- **What you should do**: Nothing but the lines from the one containing "Mooie brunette met" through the one containing "Stacks of different", both included, should be given again, each exactly as written below.

- **Available records**:
————————

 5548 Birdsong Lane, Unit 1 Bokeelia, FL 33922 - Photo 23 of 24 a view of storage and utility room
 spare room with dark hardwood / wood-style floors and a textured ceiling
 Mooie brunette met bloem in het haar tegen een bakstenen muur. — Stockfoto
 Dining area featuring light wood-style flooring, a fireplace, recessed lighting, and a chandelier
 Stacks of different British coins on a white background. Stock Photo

————————

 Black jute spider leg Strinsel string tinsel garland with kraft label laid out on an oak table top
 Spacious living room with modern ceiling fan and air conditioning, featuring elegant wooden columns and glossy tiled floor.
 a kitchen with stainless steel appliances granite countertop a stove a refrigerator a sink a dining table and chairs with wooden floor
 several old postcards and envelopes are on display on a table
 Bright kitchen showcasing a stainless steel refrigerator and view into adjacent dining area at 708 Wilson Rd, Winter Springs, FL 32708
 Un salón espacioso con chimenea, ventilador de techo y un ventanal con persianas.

————————

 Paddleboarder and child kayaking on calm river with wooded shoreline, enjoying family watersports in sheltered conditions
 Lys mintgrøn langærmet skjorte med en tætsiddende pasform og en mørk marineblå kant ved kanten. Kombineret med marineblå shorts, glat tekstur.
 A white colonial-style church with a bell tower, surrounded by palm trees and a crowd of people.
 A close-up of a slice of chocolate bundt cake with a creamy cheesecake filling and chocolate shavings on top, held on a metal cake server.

————————

- **Reply to the task**:
 Mooie brunette met bloem in het haar tegen een bakstenen muur. — Stockfoto
 Dining area featuring light wood-style flooring, a fireplace, recessed lighting, and a chandelier
 Stacks of different British coins on a white background. Stock Photo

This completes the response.